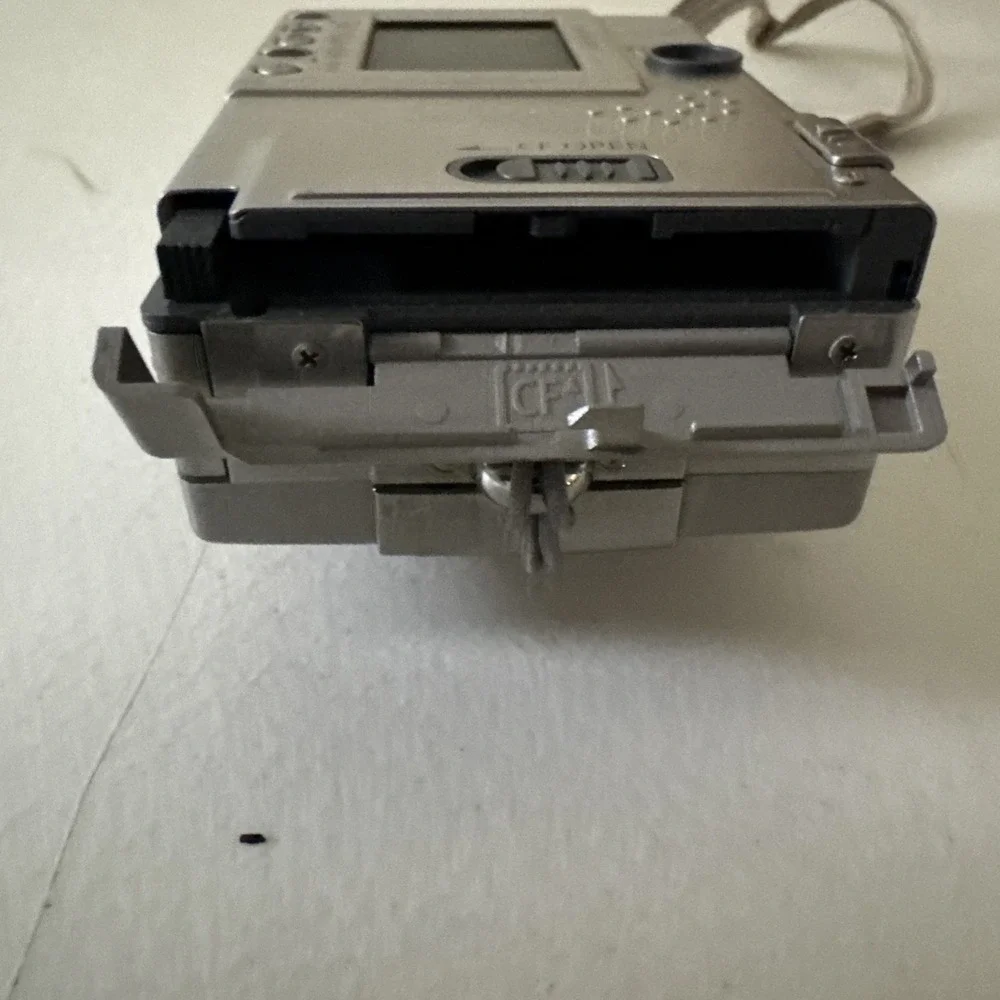 Vtg Canon PowerShot S110 Digital ELPH Camera 2.1MP 2X Zoom Silver Untested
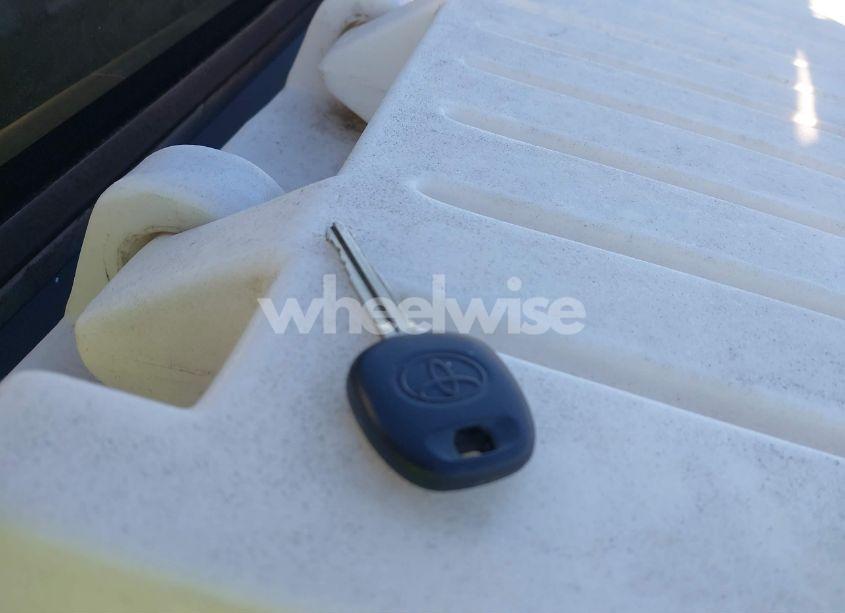 Photo 11 of 2017 Toyota Tacoma SR (VIN 5TFRX5GN1HX077416)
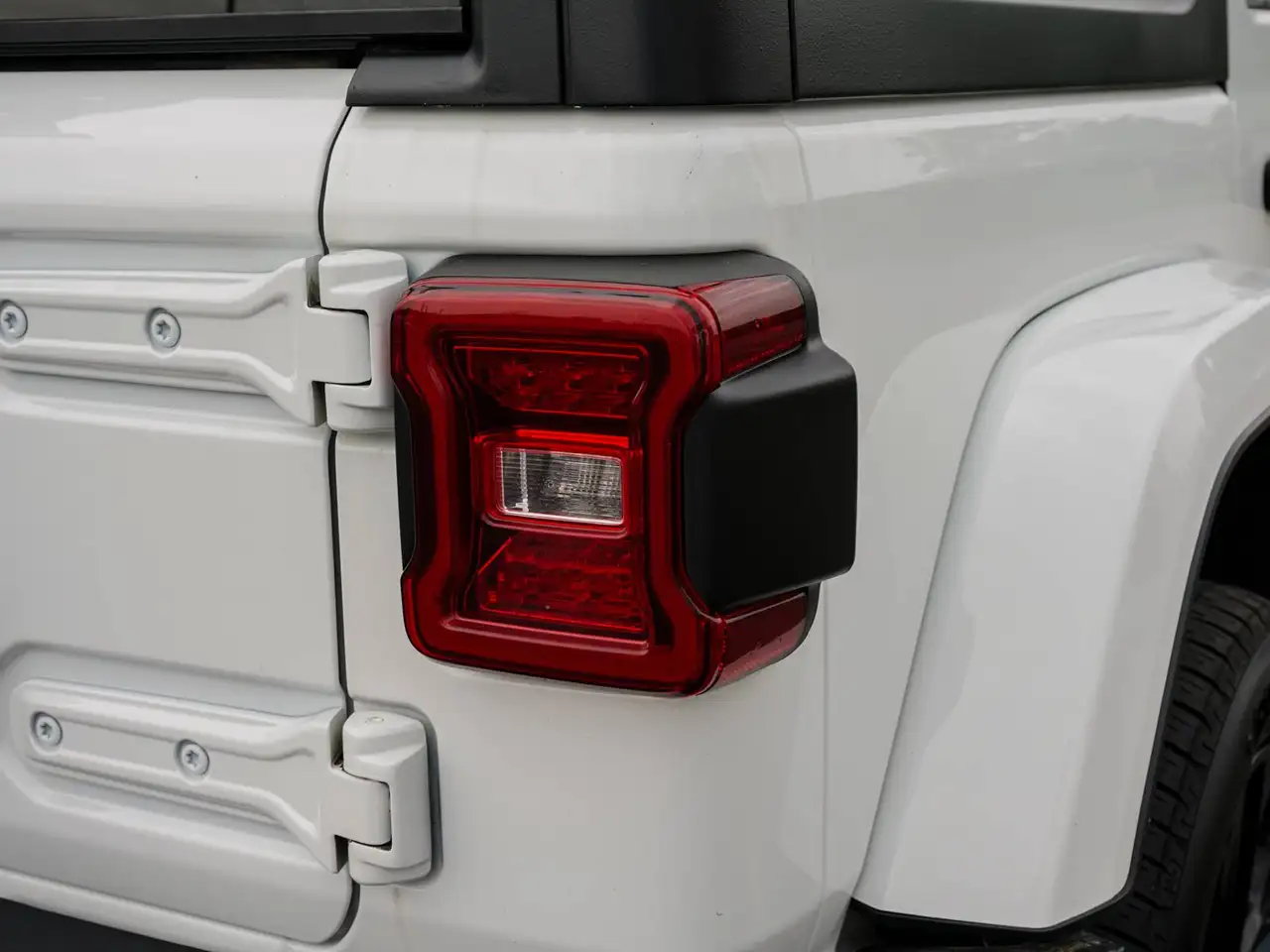 Jeep Wrangler - Image 9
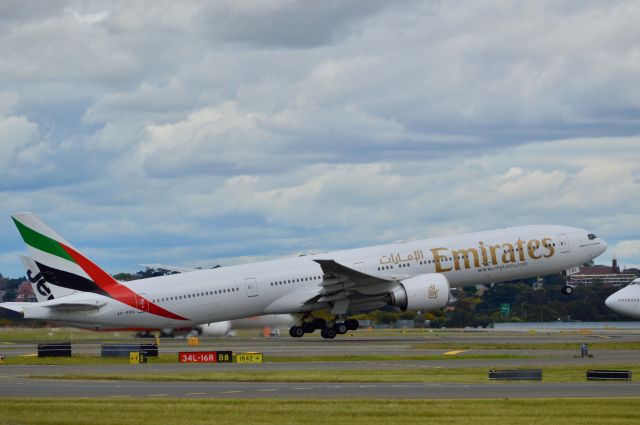 BOEING 777-300 (A6-EBQ) - Emirates (UAE) Boeing 777-36NER A6-EBQ departing runway 34L at Sydney Airport (SYD) (22 September 2016)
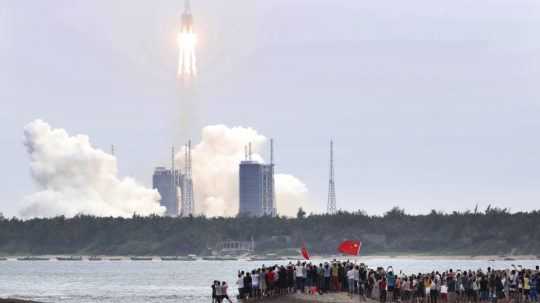 Trosky čínskej rakety dopadli do Indického oceána. Obývanú oblasť nezasiahli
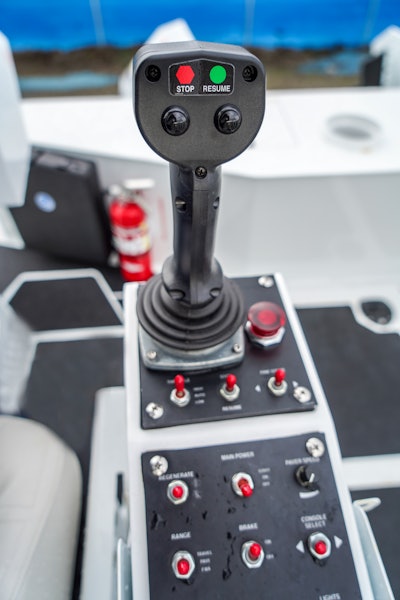 Roadtec rubber track pavers use an electronic joystick, which promotes operator comfort and ergonomics. Operators can use the joystick with their hands resting at their sides. The joystick does a very good job of holding a straight line. Operators can have confidence in letting go of the joystick when traveling straight and using their right hand for other machine controls.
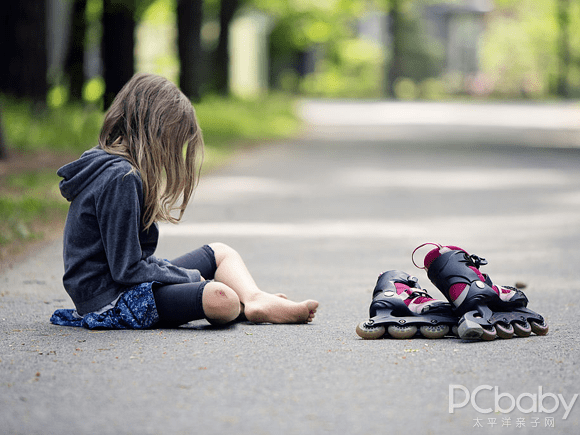 原创当孩子磕碰摔倒时妈妈的做法将影响孩子一生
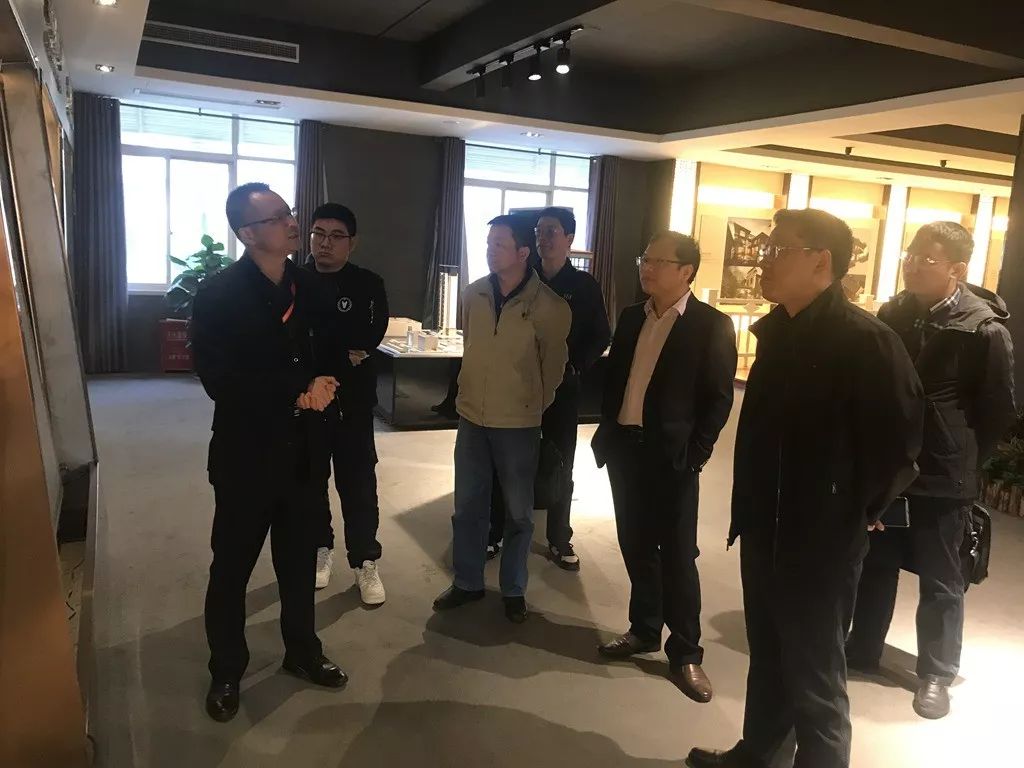 省工信厅吴添富副厅长莅临金强建材调研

Task to complete => Repeat all the material exactly, but keep pictures out of the copy.

Result of this exercise =>
 Vtg Canon PowerShot S110 Digital ELPH Camera 2.1MP 2X Zoom Silver Untested
 Photo 11 of 2017 Toyota Tacoma SR (VIN 5TFRX5GN1HX077416)
 Jeep Wrangler - Image 9
 BOEING 777-300 (A6-EBQ) - Emirates (UAE) Boeing 777-36NER A6-EBQ departing runway 34L at Sydney Airport (SYD) (22 September 2016)
 Trosky čínskej rakety dopadli do Indického oceána. Obývanú oblasť nezasiahli
 Roadtec rubber track pavers use an electronic joystick, which promotes operator comfort and ergonomics. Operators can use the joystick with their hands resting at their sides. The joystick does a very good job of holding a straight line. Operators can have confidence in letting go of the joystick when traveling straight and using their right hand for other machine controls.
 原创当孩子磕碰摔倒时妈妈的做法将影响孩子一生
 省工信厅吴添富副厅长莅临金强建材调研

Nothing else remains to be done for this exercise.